DATASET CONTENT START

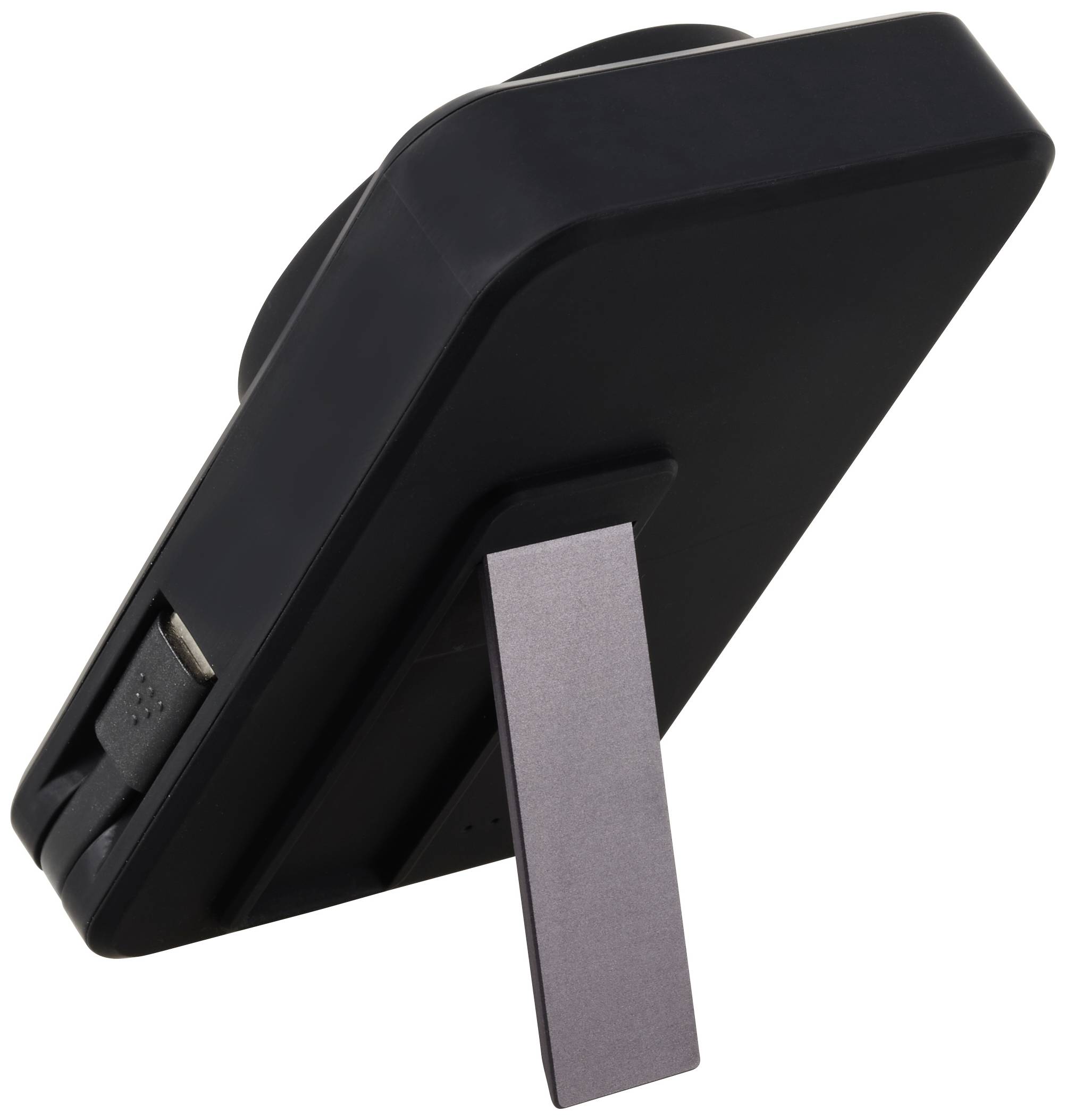 A black digital photo frame stands upright with a foldout stand. It has a USB port on the side.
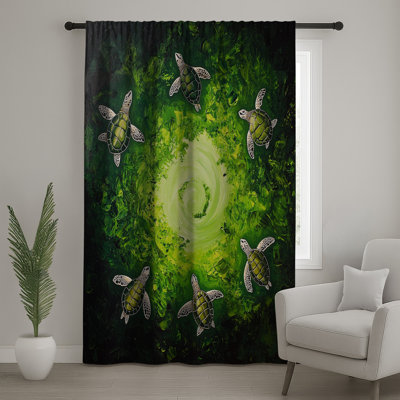 Rideaux de fenêtre Green Sea Turtles Swirl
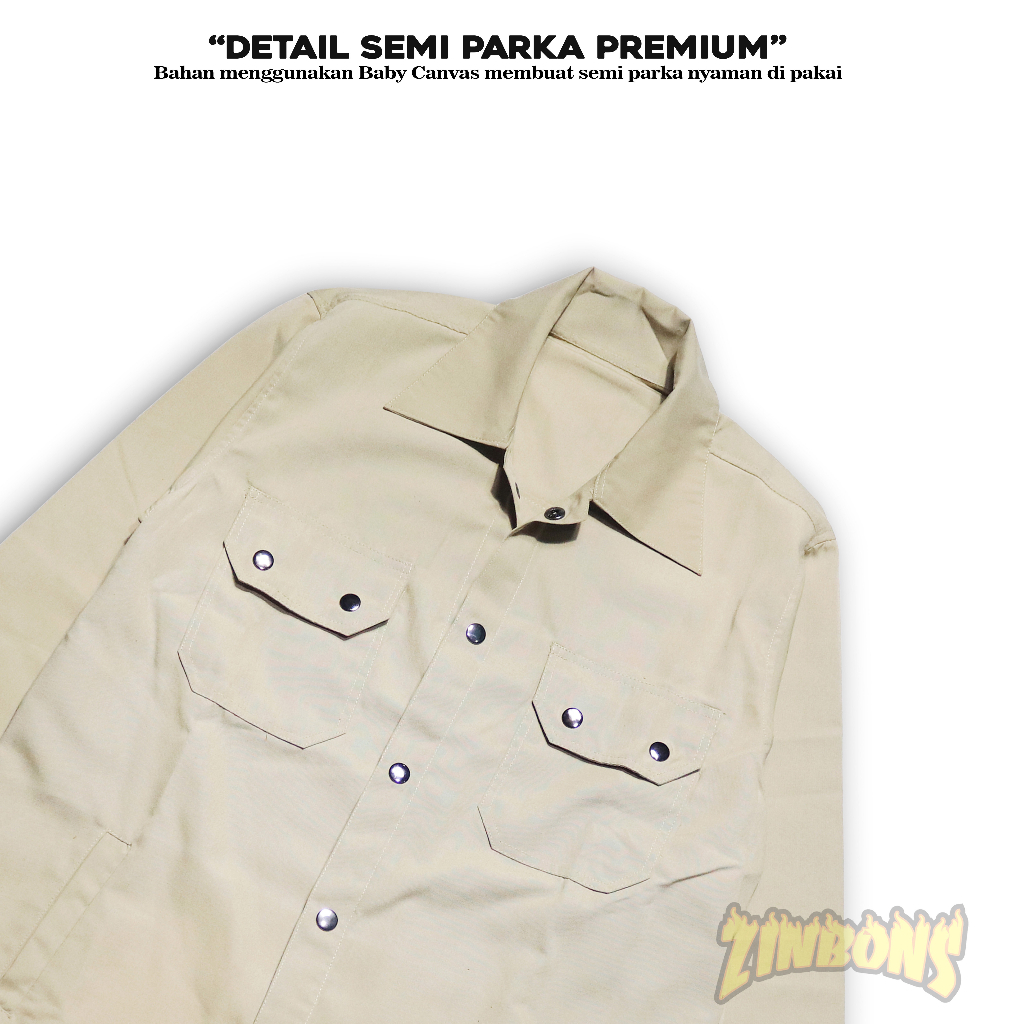 JAKET PRIA &amp; WANITA SEMI PARKA WARNA CREAM MUDA JAKET PRIA PREMIUM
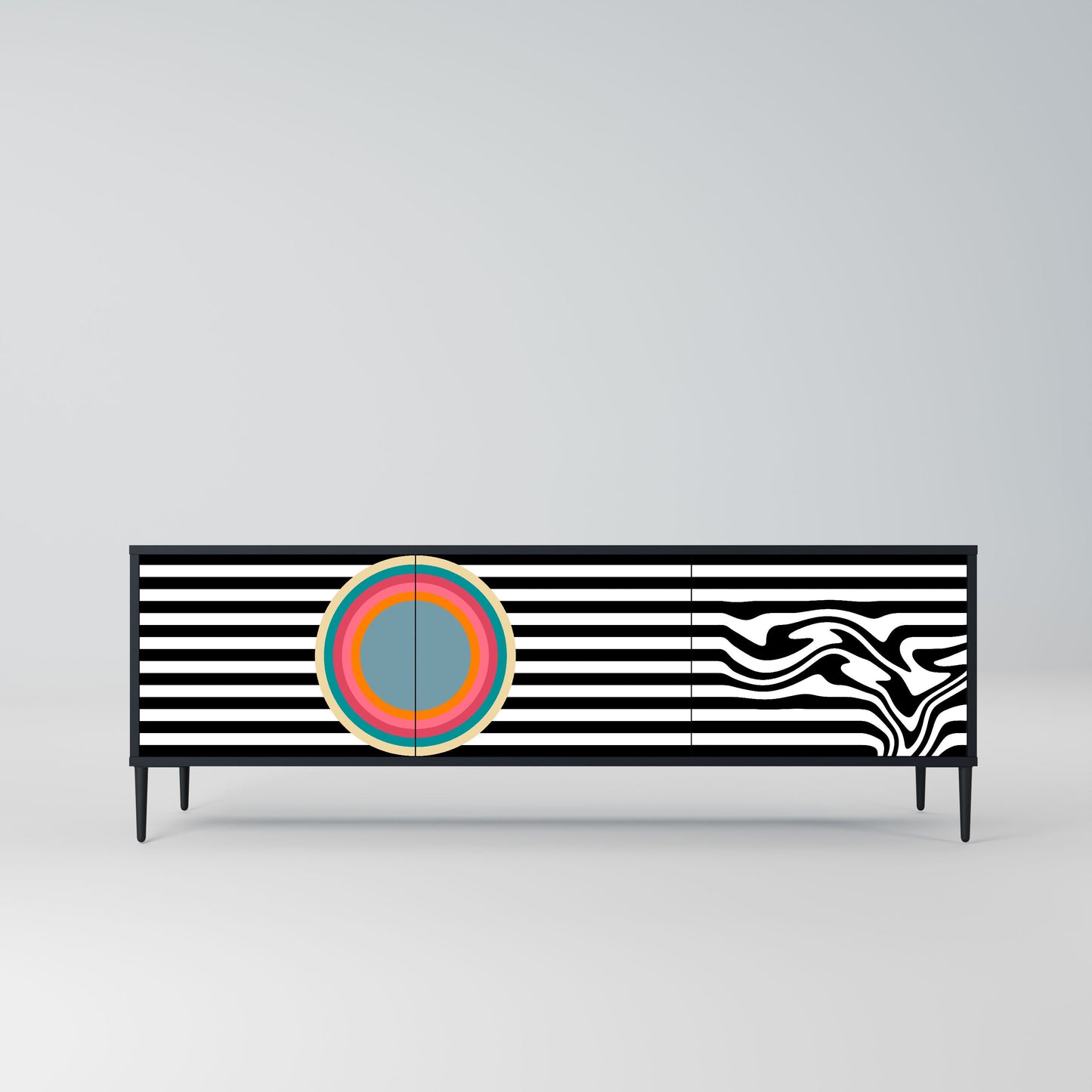 SPECTRA SHOWCASE 3-Door TV Stand in Black Finish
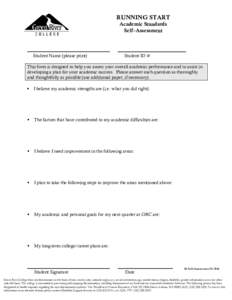 RUNNING START Academic Standards Self–Assessment Student Name (please print)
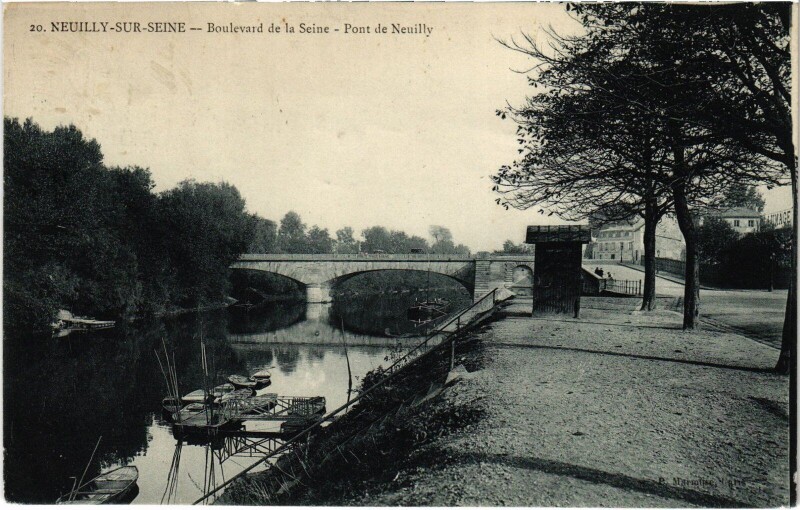 Carte postale ancienne Neuilly Boulevard de la Seine Pont Neuilly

DATASET CONTENT END

ABOUT THIS TASK: Give back exactly the lines running from the one that contains "RUNNING START Academic" to the end of the records, including both of those lines and excluding every picture.

YOUR SOLUTION:
 RUNNING START Academic Standards Self–Assessment Student Name (please print)
 Carte postale ancienne Neuilly Boulevard de la Seine Pont Neuilly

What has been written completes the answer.